Small Sample Inference
- Author(s): Gerlovina, Inna
- Advisor(s): Hubbard, Alan E
- et al.
Multiple comparisons and small sample size, common characteristics of many types of "Big Data" including those that are produced by genomic studies, present specific challenges that affect reliability of inference. Use of multiple testing procedures necessitates estimation of very small tail probabilities and thus approximation of distal tails of a test statistic distribution. Results based on large deviation theory provide a formal condition that is necessary to guarantee error rate control given practical sample sizes, linking the number of tests and the sample size; this condition, however, is rarely satisfied. Using methods that are based on Edgeworth expansions (relying especially on the work of Peter Hall), we explore what it might translate into in terms of actual error rates. Our investigation illustrates how far the actual error rates can be from the declared nominal levels, indicating poor error rate control.

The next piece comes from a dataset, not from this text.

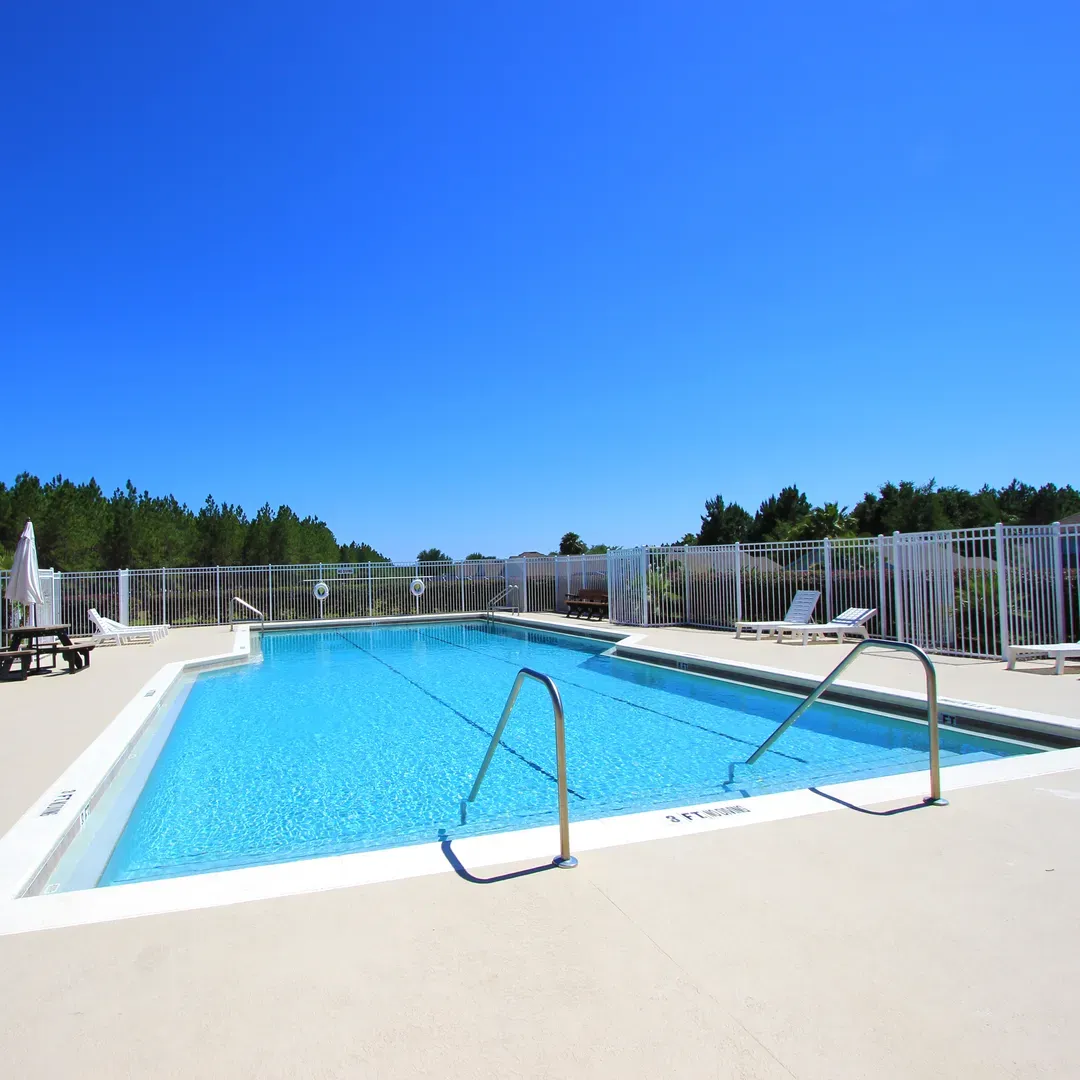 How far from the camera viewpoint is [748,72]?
10180 millimetres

Edgeworth expansions, providing higher order approximations to the sampling distribution, also offer a promising direction for data analysis that could ameliorate the situation. In Chapter 1, we derive generalized expansions for studentized mean-based statistics that incorporate ordinary and moderated one- and two-sample t-statistics as well as Welch t- test. Fifth-order expansions are generated with our developed software that can be used to produce expansions of an arbitrary order. In Chapter 2, we propose a data analysis method based on these expansions that includes tail diagnostic procedure and small sample adjustment. Using the software algorithm developed for generating expansions, we also obtain results for unbiased moment estimation of a general order. Chapter 3 introduces a general linear combination (GLC) bootstrap, which is specifically tailored for small sample size. A stabilized variance version of GLC bootstrap, based on empirical Bayes approach, is developed for high-dimensional data. Applying these methods to clustering, we propose an inferential procedure that produces pairwise clustering probabilities.